--- THE PROBLEM ---
Beginning with the line containing "Katalyzátor KAMOKA 8015078" and ending with the line containing "Electric Pet Grooming Dryer Pet Brush Comb", write out each line of the records below exactly; pictures and lines outside that range are left out.

--- Captioned web image data ---
- Opening Delimiter -
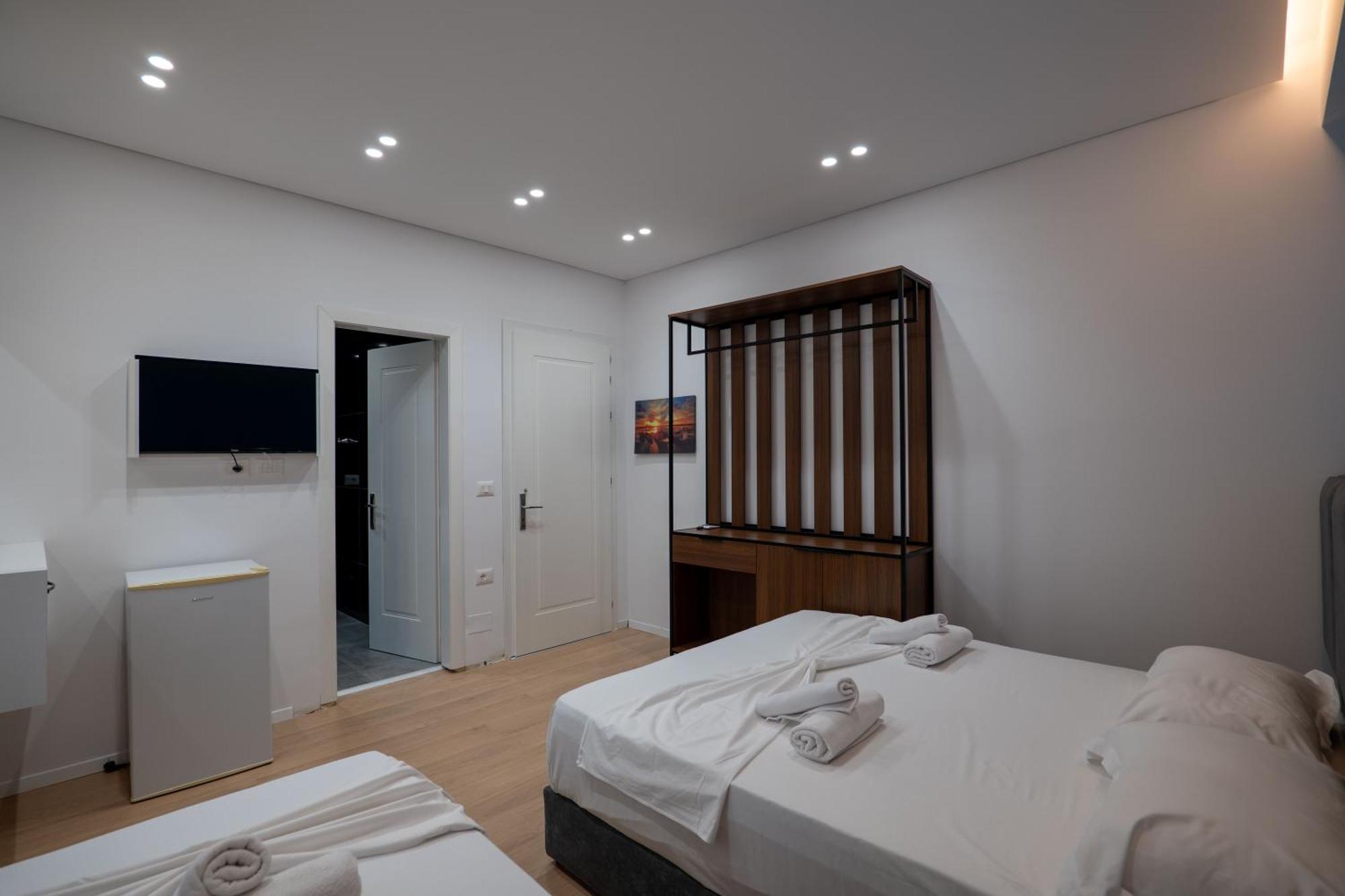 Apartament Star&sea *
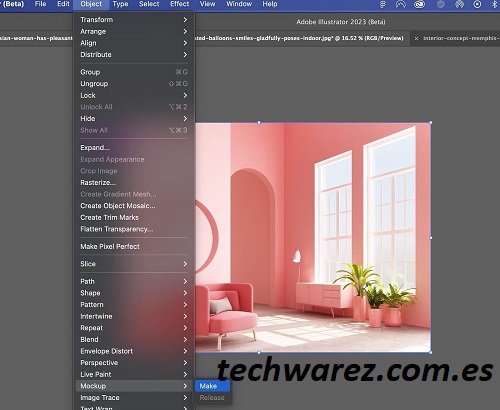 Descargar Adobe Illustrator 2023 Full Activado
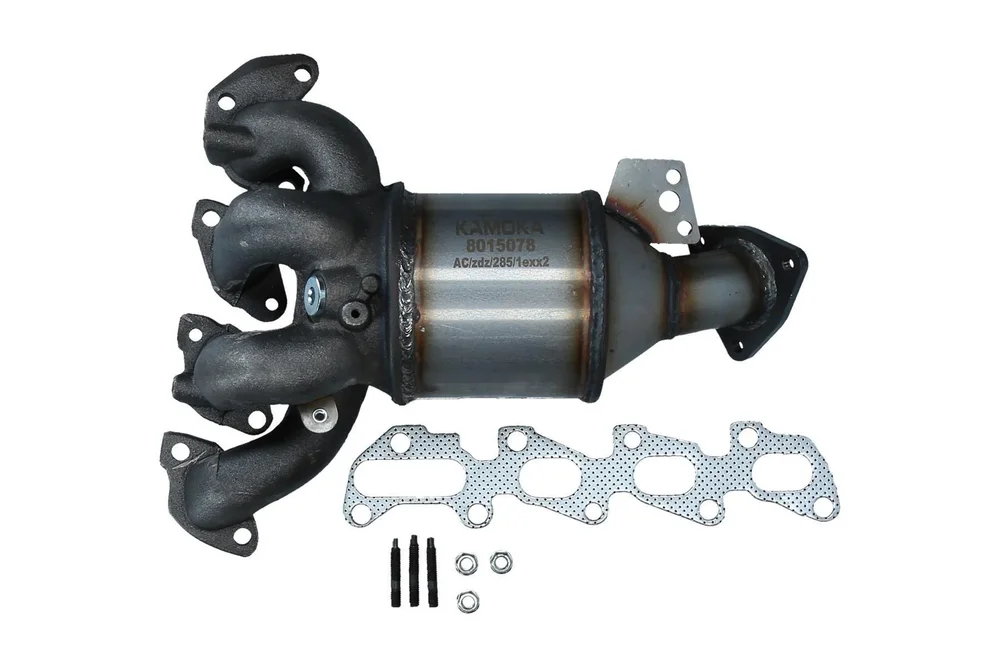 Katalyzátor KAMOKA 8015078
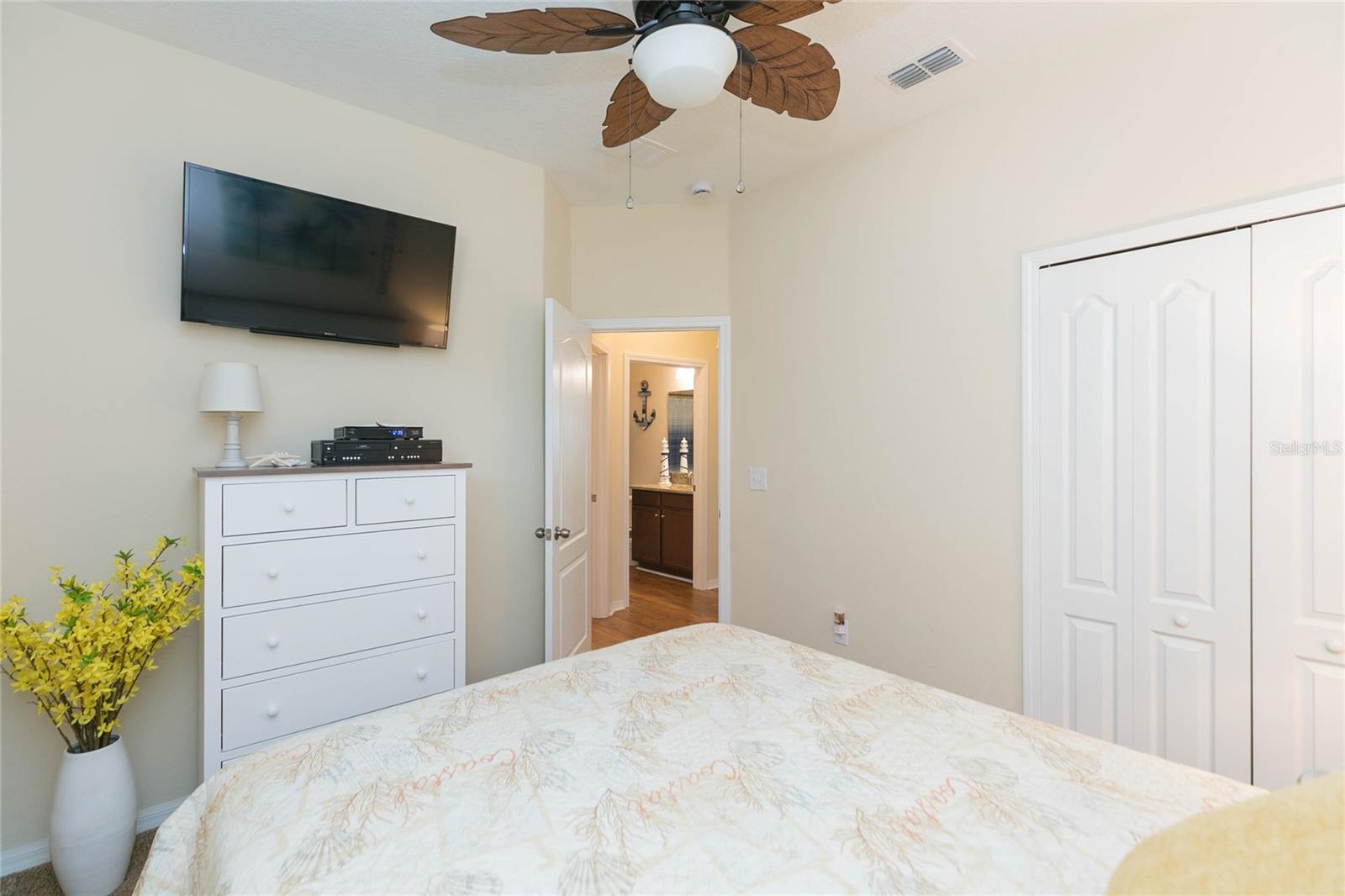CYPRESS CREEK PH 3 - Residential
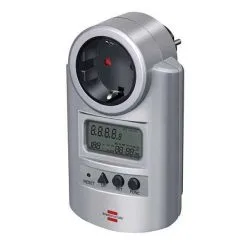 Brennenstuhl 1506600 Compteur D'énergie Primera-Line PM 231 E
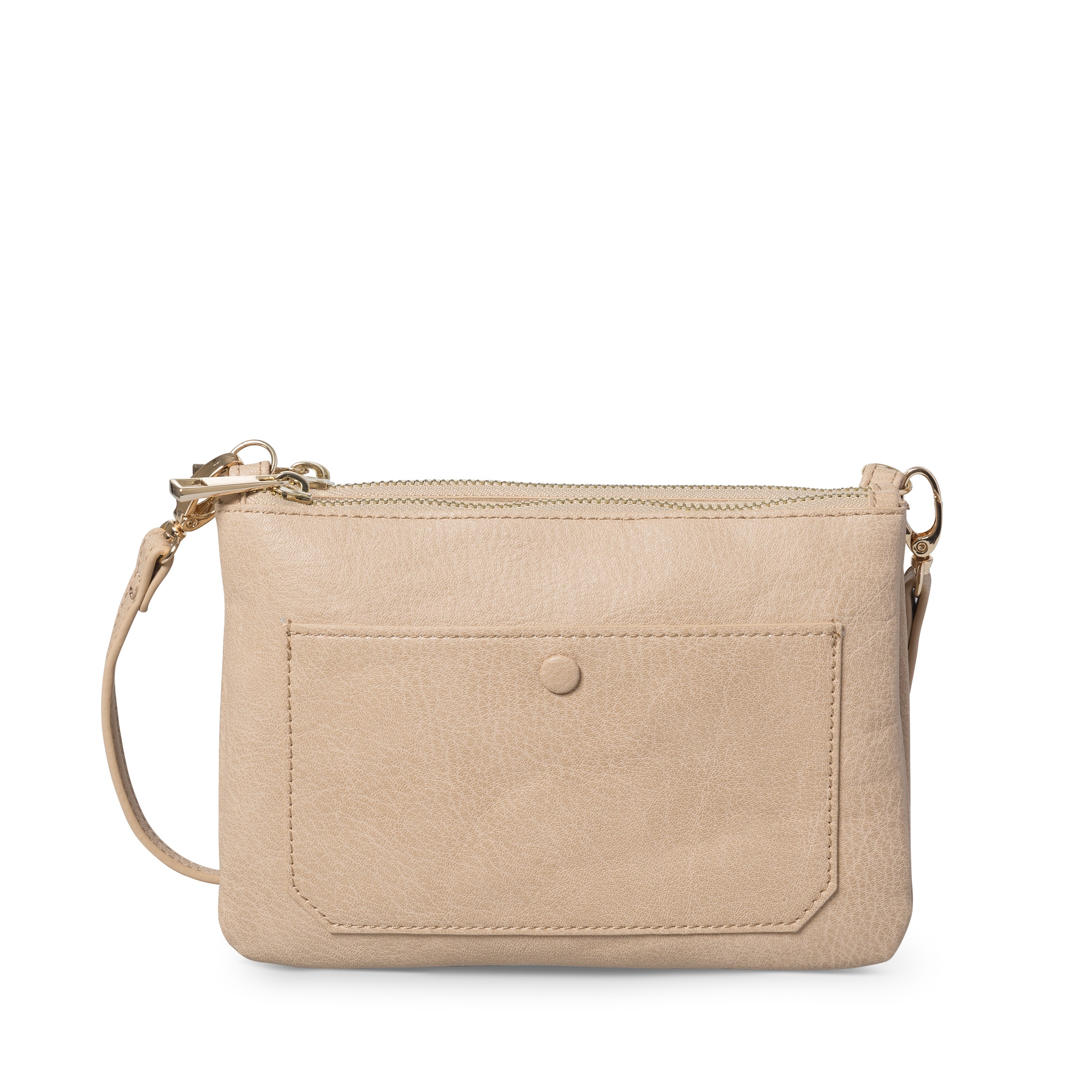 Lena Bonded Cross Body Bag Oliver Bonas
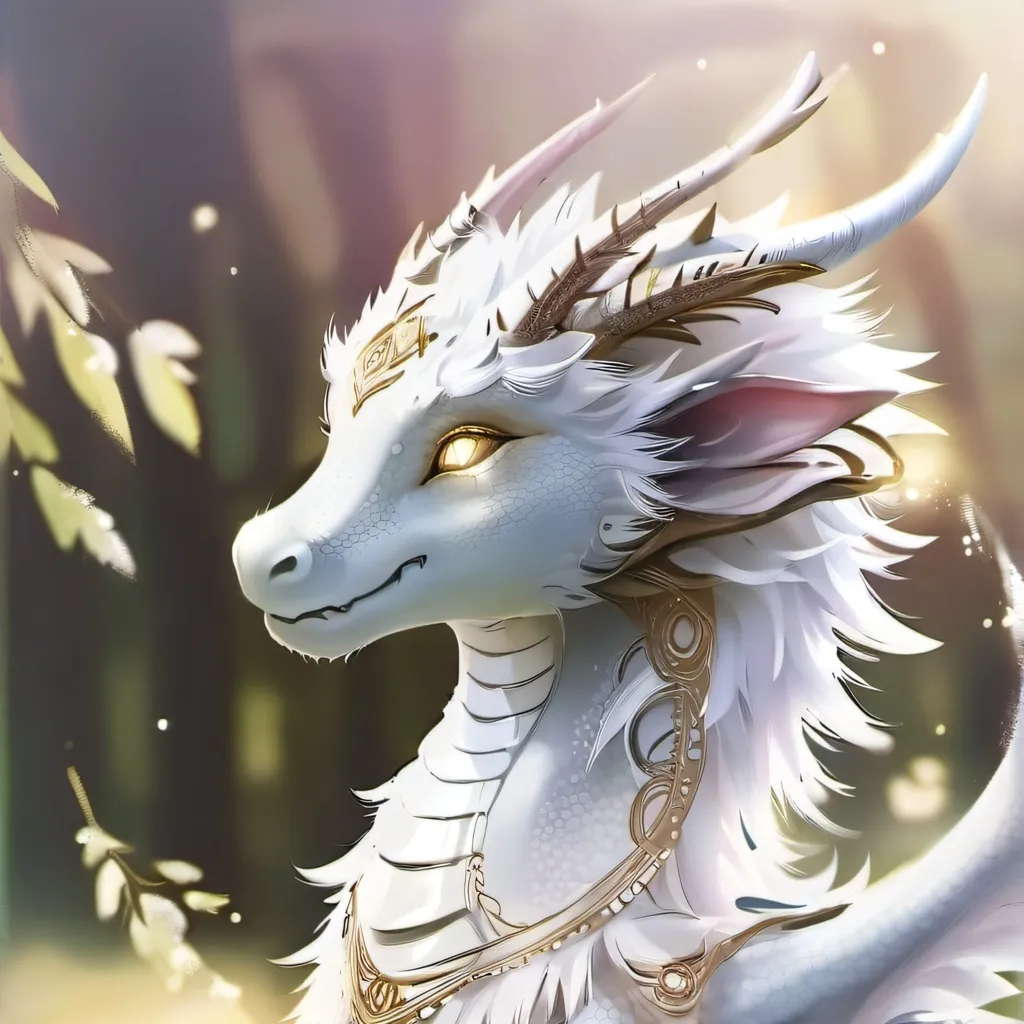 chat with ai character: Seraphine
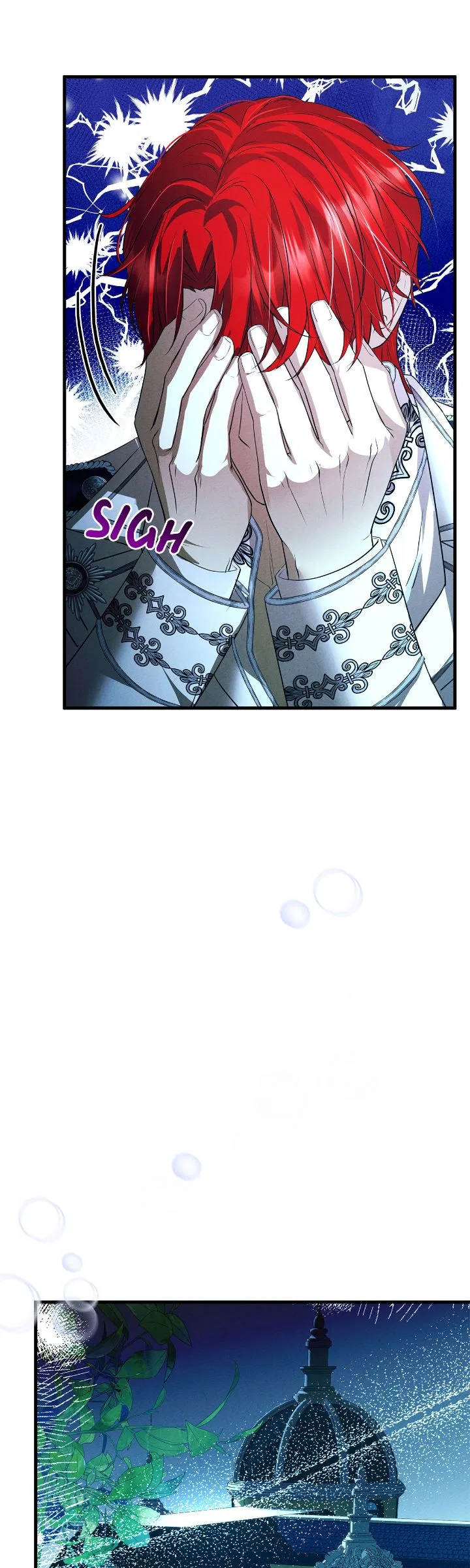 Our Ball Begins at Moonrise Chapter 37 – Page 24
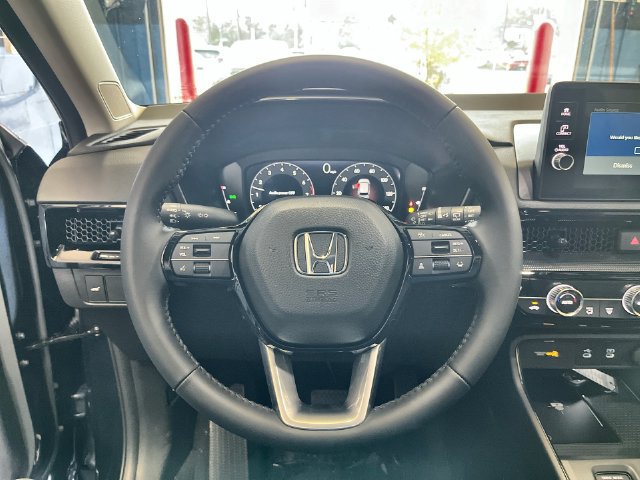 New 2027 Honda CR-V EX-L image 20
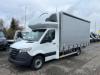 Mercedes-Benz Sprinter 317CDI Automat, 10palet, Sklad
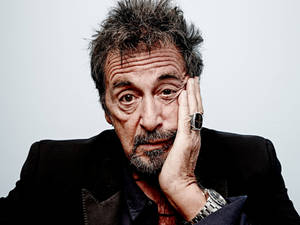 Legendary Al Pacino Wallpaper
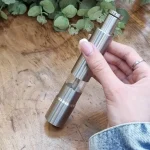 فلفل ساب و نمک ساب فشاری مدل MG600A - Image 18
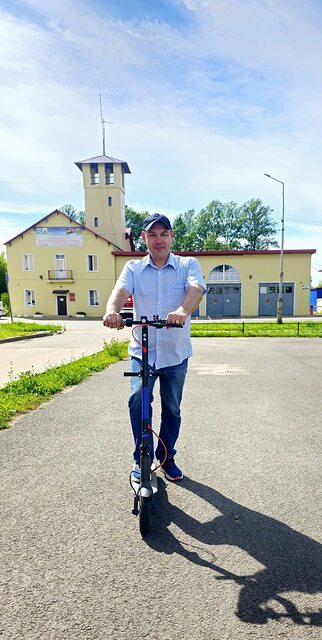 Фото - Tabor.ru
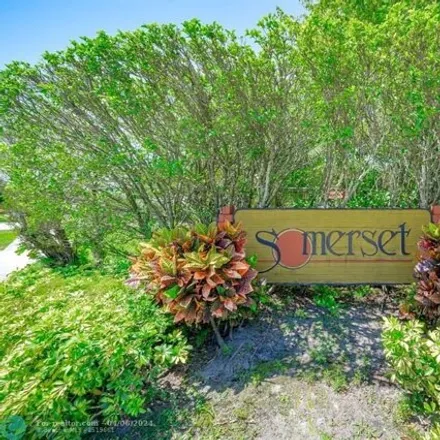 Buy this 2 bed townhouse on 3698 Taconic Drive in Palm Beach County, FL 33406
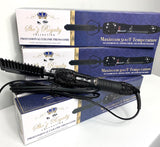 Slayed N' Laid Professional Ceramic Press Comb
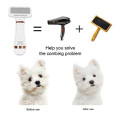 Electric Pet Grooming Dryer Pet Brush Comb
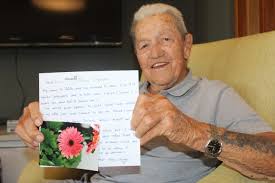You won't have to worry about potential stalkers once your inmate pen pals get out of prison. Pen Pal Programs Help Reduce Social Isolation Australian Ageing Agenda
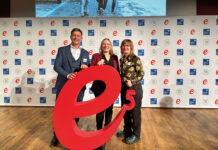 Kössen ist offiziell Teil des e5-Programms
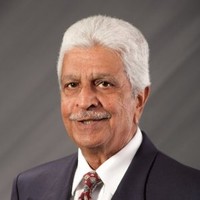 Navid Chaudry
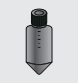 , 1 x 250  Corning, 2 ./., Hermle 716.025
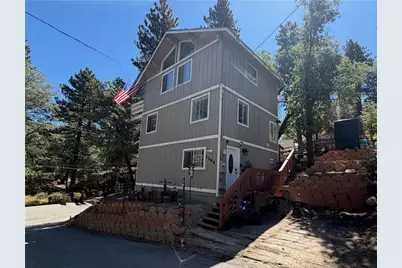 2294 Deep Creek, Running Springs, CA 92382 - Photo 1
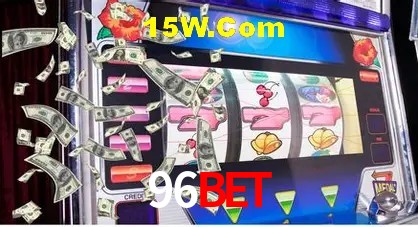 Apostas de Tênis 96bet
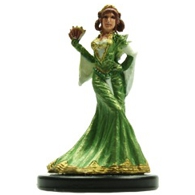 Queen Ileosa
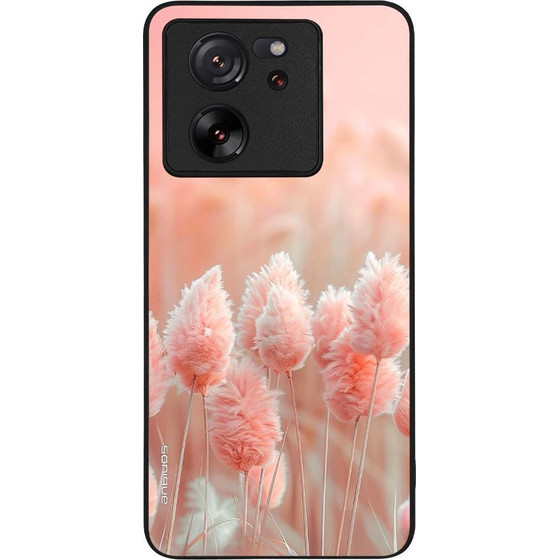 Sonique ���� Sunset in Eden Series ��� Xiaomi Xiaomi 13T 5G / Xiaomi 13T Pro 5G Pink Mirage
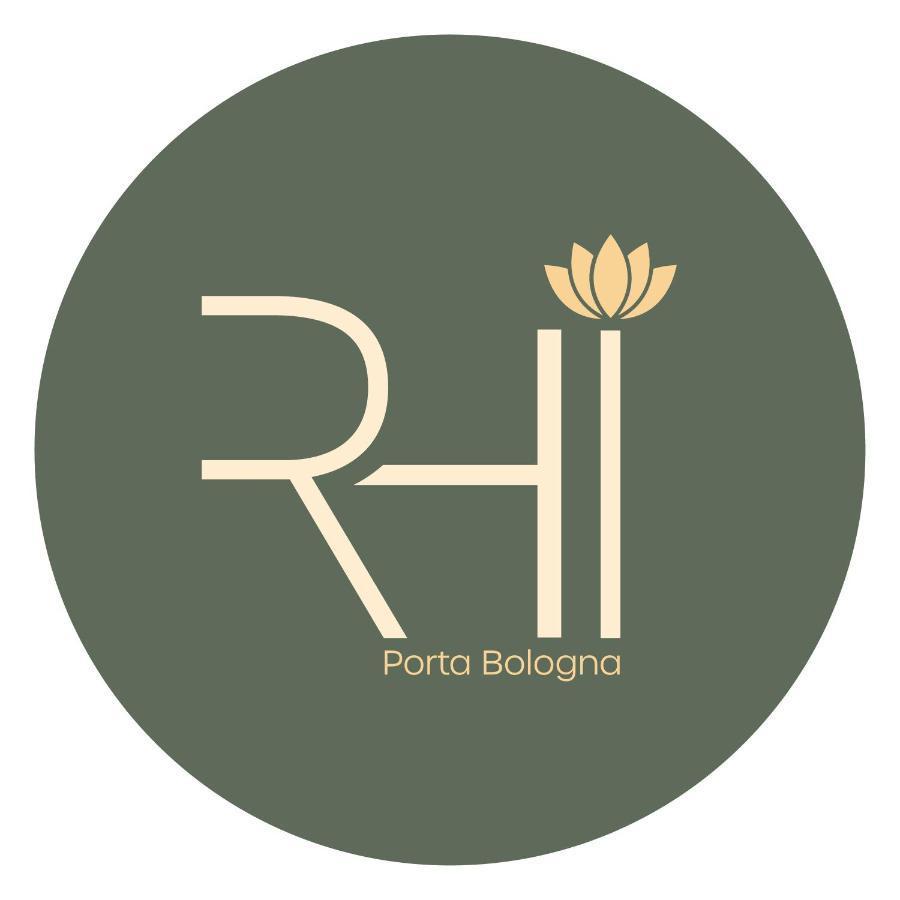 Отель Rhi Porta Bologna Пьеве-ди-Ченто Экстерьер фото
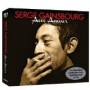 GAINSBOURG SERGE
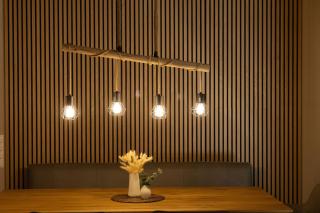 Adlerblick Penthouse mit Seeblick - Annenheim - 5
- Closing Delimiter -
--- ANSWER FOR THE TASK ---
 Katalyzátor KAMOKA 8015078
CYPRESS CREEK PH 3 - Residential
 Brennenstuhl 1506600 Compteur D'énergie Primera-Line PM 231 E
 Lena Bonded Cross Body Bag Oliver Bonas
 chat with ai character: Seraphine
 Our Ball Begins at Moonrise Chapter 37 – Page 24
 New 2027 Honda CR-V EX-L image 20
 Mercedes-Benz Sprinter 317CDI Automat, 10palet, Sklad
 Legendary Al Pacino Wallpaper
 فلفل ساب و نمک ساب فشاری مدل MG600A - Image 18
 Фото - Tabor.ru
 Buy this 2 bed townhouse on 3698 Taconic Drive in Palm Beach County, FL 33406
 Slayed N' Laid Professional Ceramic Press Comb
 Electric Pet Grooming Dryer Pet Brush Comb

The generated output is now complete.